Así como no le pediría a la política de salud que resuelva los problemas de la banca central, tampoco es cierto que la inversión extranjera directa resolverá por sí misma los problemas del desarrollo social.
No pude constatar si éstas fueron palabras textuales del señor Presidente, pues en la red no encontré copia de sus discursos en España. Sin embargo, la ocasión es propicia para subrayar las limitaciones de una afirmación como esa.

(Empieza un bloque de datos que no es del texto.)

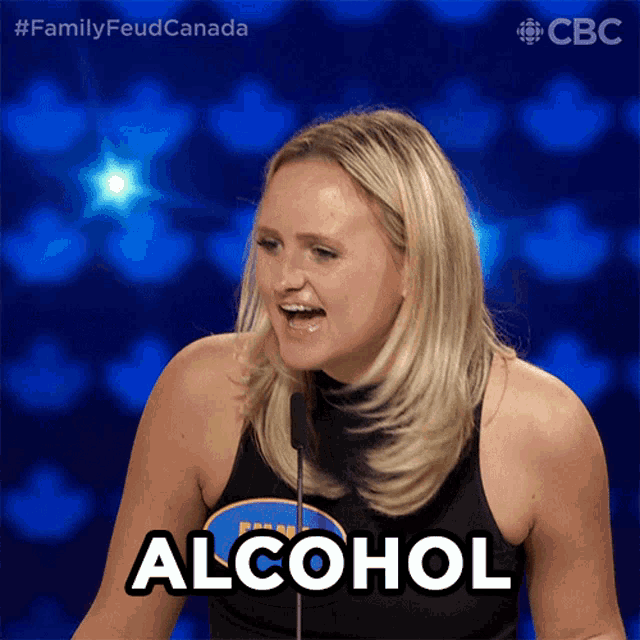 a woman in a black tank top says alcohol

En los años ochenta, algunos promovieron la “economía de la oferta” (peyorativamente llamada “economía del derrame” o trickle-down economics). Ésta postulaba que al dar ventajas fiscales a los más ricos, ellos invertirían en negocios productivos, crearían empleos y conducirían al desarrollo. La idea llegó a estas tierras por conducto de lo que se conoció como el “Consenso de Washington”: una serie de prescripciones para reducir el gasto público e incentivar a las empresas y los más ricos. Se suponía que tales acciones no sólo sacarían a Latinoamérica de la debacle de deuda e inflación que nos habían heredado los irresponsables años setenta, sino que además construirían una nueva prosperidad. El Banco Mundial se encargó de racionalizar con detalle esta lógica, que se tornó en condición de los acuerdos con el Fondo Monetario Internacional. Resultados concretos fueron la severa austeridad fiscal y el recorte de instituciones públicas en nuestros gobiernos, desde el “ajuste estructural” de Cerezo, hasta la privatización extensa de Arzú.

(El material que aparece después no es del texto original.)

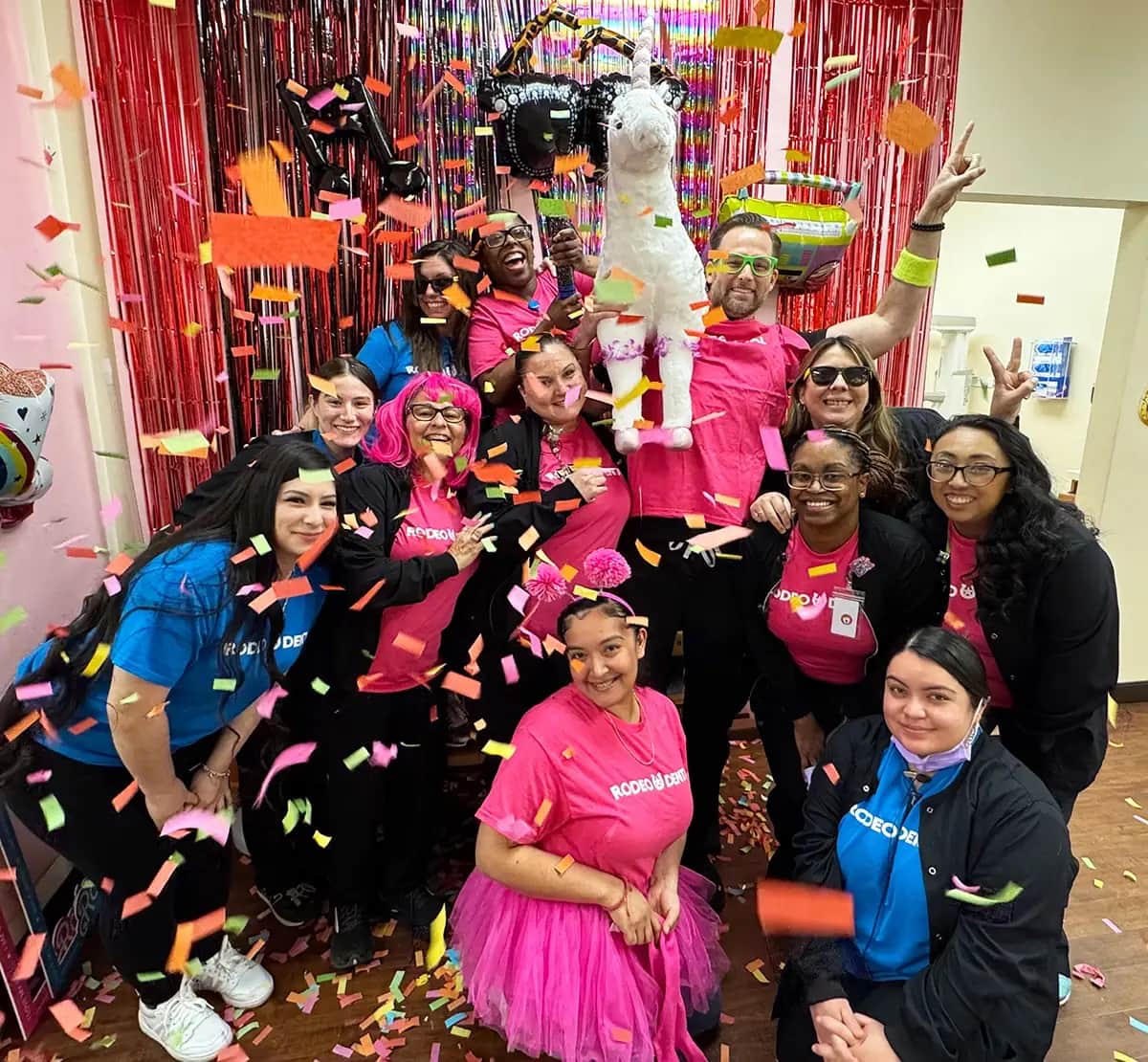 Rodeo Dental team celebrating with confetti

Desafortunadamente, si bien las intervenciones consiguieron contener el gasto, balancear las cuentas y revertir la inflación, los resultados en desarrollo social no llegaron. El empleo no aumentó, las mejoras en servicios se concentraron en unos pocos, el hambre continuó, y se profundizó la desigualdad entre ricos y pobres que hoy es signo de nuestras peores debilidades.
En otras latitudes, el problema fue igual: el ajuste estructural balanceó las cuentas, pero no dio bienestar. Fue entonces que algunos se dieron cuenta que, si querían desarrollo a la par de unas finanzas sanas, tendrían que invertir en política social. Por ejemplo en México, Santiago Levy y sus colaboradores diseñaron Progresa (después Oportunidades), el exitoso programa de transferencias condicionadas que luego fuera copiado en Brasil y repetido en más de una decena de países en la región, finalmente incluso aquí. En Brasil y Colombia se ensayó la municipalización de los servicios. Hasta Chile, alumno ejemplar del “neoliberalismo” económico, expandió agresivamente sus servicios de educación y salud, así fuera bajo una lógica comercial.

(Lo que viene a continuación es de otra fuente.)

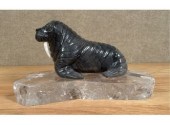 An unsigned grey soapstone walrus with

Y aquí está la lección. Por supuesto que la política económica y la política social tienen vínculos mutuos. Si la economía crece, habrá más dinero para invertir en salud, educación o vivienda, por ejemplo. Igualmente, si educamos bien a más personas, ellas serán más productivas. Sin embargo, así como no le pediría a la política de salud que solucione los problemas de la banca central, tampoco es cierto que la inversión extranjera directa resuelva por sí misma los problemas del desarrollo social.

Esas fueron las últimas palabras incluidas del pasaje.